According to the cloud service provider, products related to computing, storage, networking, databases, and big data will receive an average price reduction of 23%.
Alibaba Cloud Group Holdings (9988.HK), an e-commerce leader in China, has cut its cloud prices for the third time in twelve months. Alibaba announced an initiative similar to this in February aimed at domestic users.
Alibaba Cloud price cuts are part of its latest push to entice developers to build data-intensive AI models and applications on its cloud.
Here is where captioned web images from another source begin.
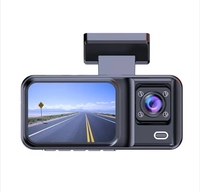 Nouveau objectif de 3 caméras A98 WIFI voiture DVR Dash Cam HD 1080P 3 objectifs Dashcam enregistreur vidéo voiture boîte noire 24H surveillance du stationnement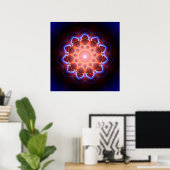 Poster Mandala Ahi a me Hau 2 (Bureau à domicile)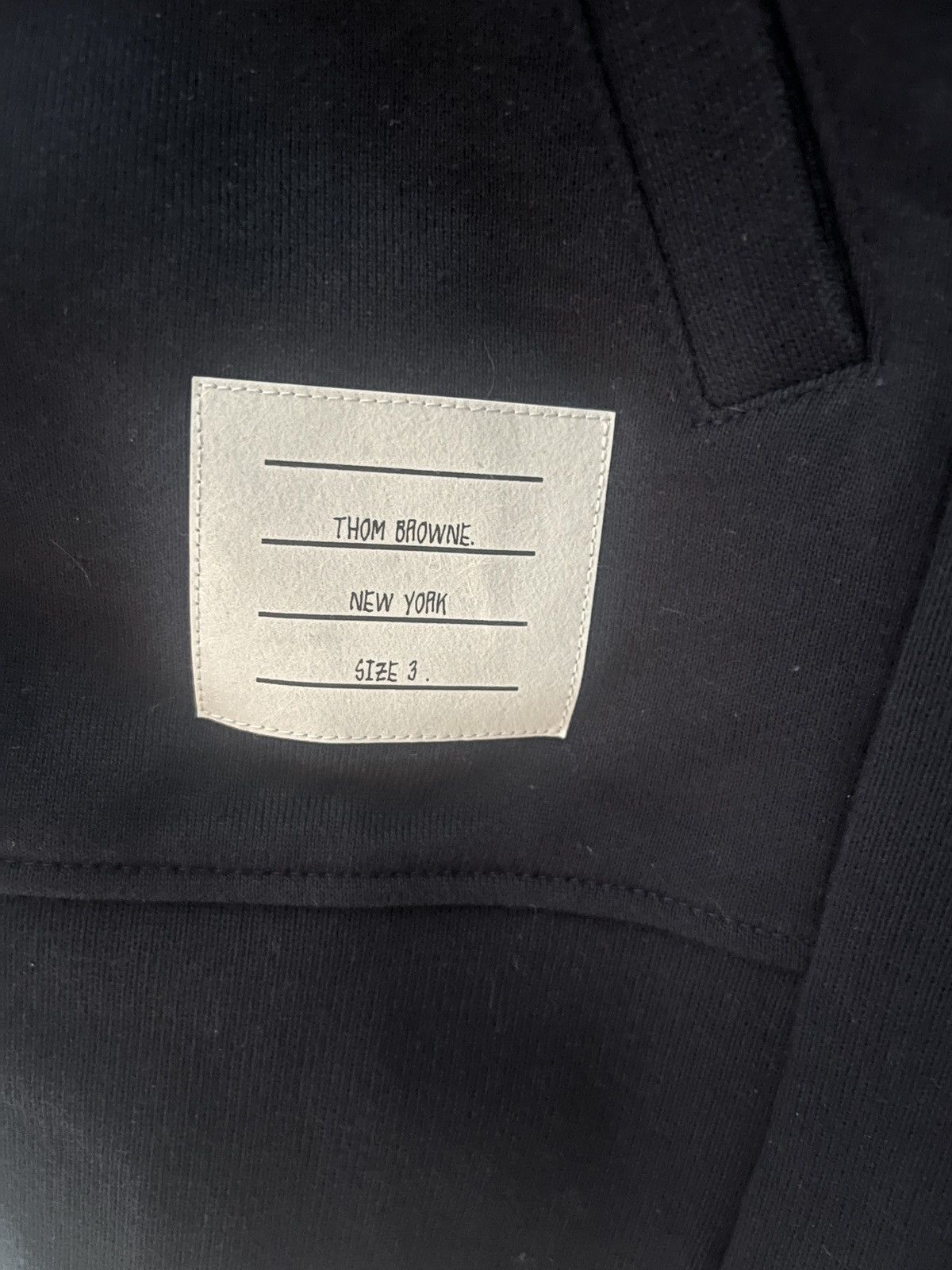 Thom Browne Thom Browne Classic 4 Bar Loop Back Hooded Zip Jacket Sz 3 Size US XL / EU 56 / 4 - 3 Thumbnail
In addition to a surge in cloud computing demand in support of AI development across the globe, the company has also undergone complex internal restructuring. Eddie Wu, who is Alibaba’s chief executive officer, is leading a major overhaul of the company’s main businesses, including e-commerce.
Due to difficulties obtaining the high-end NVIDIA Corp. chips it needs to compete, Alibaba canceled a public listing in November, and has faced increasing competition from state-backed firms and Tencent Holdings Ltd.
Around 500 cloud product specifications were slashed by 23% by the Hangzhou-based company on Monday. Customers in 13 regions, including Japan, Indonesia, the United Arab Emirates, and Germany, are now eligible for those discounts.
After the announcement, the company’s shares in Hong Kong pared gains and traded about 0.5% higher.
Although Alibaba Cloud is China’s largest cloud service provider, it is relatively small in comparison to global leaders Amazon.com Inc. and Microsoft Corp. Recently, it has been hampered by a crackdown on Chinese internet companies.
US trade restrictions, which have hampered its expansion abroad as a result of market share loss in Alibaba Cloud China to state-backed rivals. The cloud division’s revenue, which surpassed $11 billion in the previous fiscal year, is expected to decline by 2% in the March quarter.
During an interview with Norwegian Bank last week, Chairman Joe Tsai acknowledged that US chip curbs pose a significant challenge for Chinese cloud providers.
Although stockpiled inventories can still be used to train large language models for the next 12 to 18 months, Tsai says limited access to NVIDIA’s best-in-class AI hardware will impact companies until there are domestic alternatives.